**ASSIGNED TASK**
Each entry should be set down again verbatim, with the images omitted.

**RECORDS FOR THE TASK**
Content starts
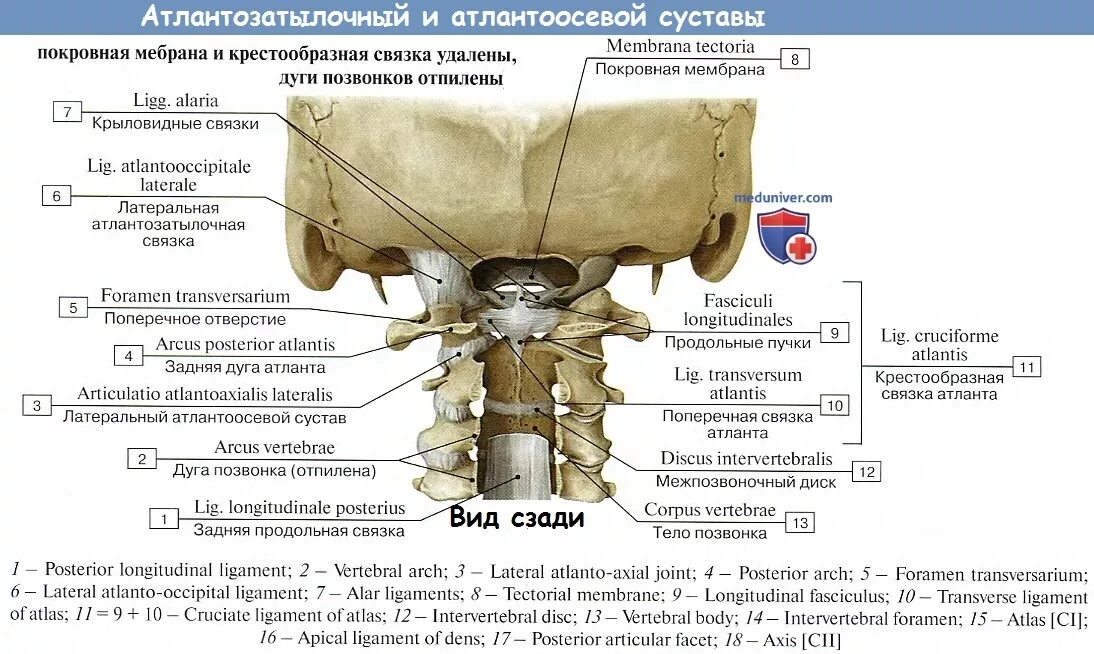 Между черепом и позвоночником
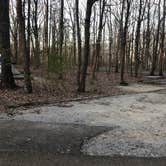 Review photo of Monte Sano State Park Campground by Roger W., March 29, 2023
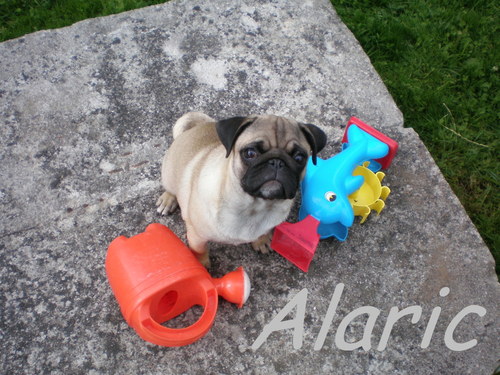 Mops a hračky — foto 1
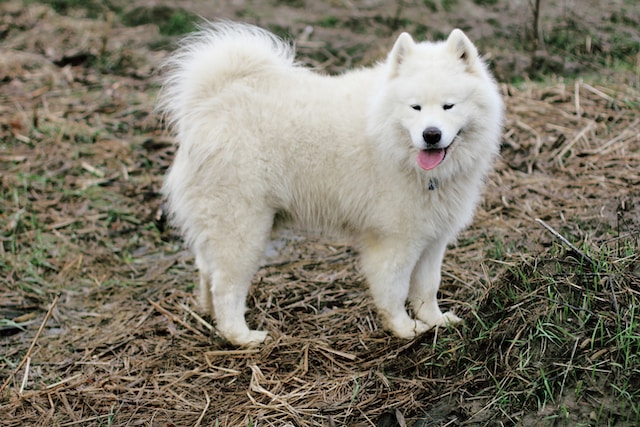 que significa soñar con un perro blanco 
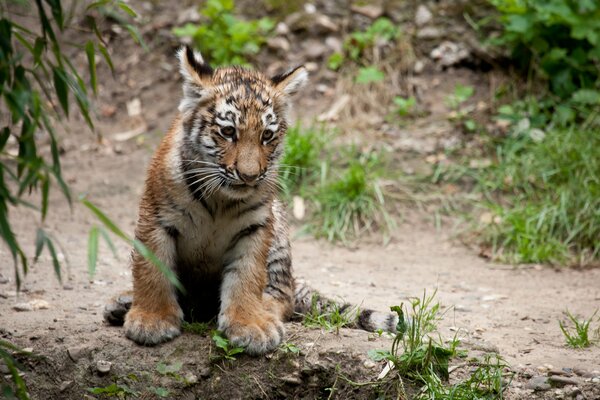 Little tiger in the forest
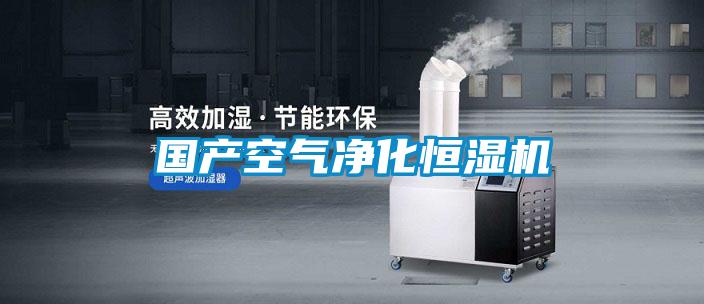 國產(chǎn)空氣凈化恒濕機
Content ends
**OUTPUT BELOW**
 Между черепом и позвоночником
 Review photo of Monte Sano State Park Campground by Roger W., March 29, 2023
 Mops a hračky — foto 1
 que significa soñar con un perro blanco 
 Little tiger in the forest
 國產(chǎn)空氣凈化恒濕機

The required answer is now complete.